I have a databricks notebook that is writing a dataframe to a file in ADLS Gen2 storage.
It creates a temp folder, outputs the file and then copies that file to a permanent folder. For some reason the file doesn't inherit the ACL correctly. The folder it creates has the correct ACL.
The code for the notebook:
#Get data into dataframe
df_export = spark.sql(SQL)
# OUTPUT file to temp directory coalesce(1) creates a single output data file
(df_export.coalesce(1).write.format("parquet")
.mode("overwrite")
.save(TempFolder))
#get the parquet file name. It's always the last in the folder as the other files are created starting with _
file = dbutils.fs.ls(TempFolder)[-1][0]
#create permanent copy
dbutils.fs.cp(file,FullPath)
The temp folder that is created shows the following for the relevant account.

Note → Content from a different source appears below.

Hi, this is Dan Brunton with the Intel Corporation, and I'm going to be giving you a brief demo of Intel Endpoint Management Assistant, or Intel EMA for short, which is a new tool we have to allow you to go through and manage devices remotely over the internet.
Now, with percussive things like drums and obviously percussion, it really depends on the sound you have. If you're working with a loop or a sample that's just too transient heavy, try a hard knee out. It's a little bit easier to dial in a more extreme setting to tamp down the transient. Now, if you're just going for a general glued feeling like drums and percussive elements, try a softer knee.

Where the file shows the following.
There is also a mask. I'm not really familiar with masks so not sure how this differs.

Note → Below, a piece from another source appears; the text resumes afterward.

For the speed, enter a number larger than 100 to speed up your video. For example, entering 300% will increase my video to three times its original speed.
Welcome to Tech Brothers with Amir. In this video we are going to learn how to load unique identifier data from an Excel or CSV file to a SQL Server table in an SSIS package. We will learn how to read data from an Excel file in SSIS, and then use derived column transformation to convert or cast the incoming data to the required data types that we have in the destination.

The Mask permission on the folder shows
On the file it shows as
Does anyone have any idea why this wouldn't be inheriting the ACL from the parent folder?

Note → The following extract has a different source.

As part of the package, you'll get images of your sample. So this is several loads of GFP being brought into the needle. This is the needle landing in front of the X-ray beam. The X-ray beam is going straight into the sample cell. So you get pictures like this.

I've had a response from Microsoft support which has resolved this issue for me.
Cause: Databricks stored files have Service principal as the owner of the files with permission -rw-r--r--, consequently forcing the effective permission of rest of batch users in ADLS from rwx (directory permission) to r-- which in turn causes jobs to fail
Resolution: To resolve this, we need to change the default mask (022) to custom mask (000) on Databricks end. You can set the following in Spark Configuration settings under your cluster configuration: spark.hadoop.fs.permissions.umask-mode 000
Wow, thats great! I was looking for a solution. Passthrough Authentication might be a proper solution now.
I had the feeling it was part of this acient hadoop bug:
https://issues.apache.org/jira/browse/HDFS-6962 (solved in hadoop-3, now part of spark 3+).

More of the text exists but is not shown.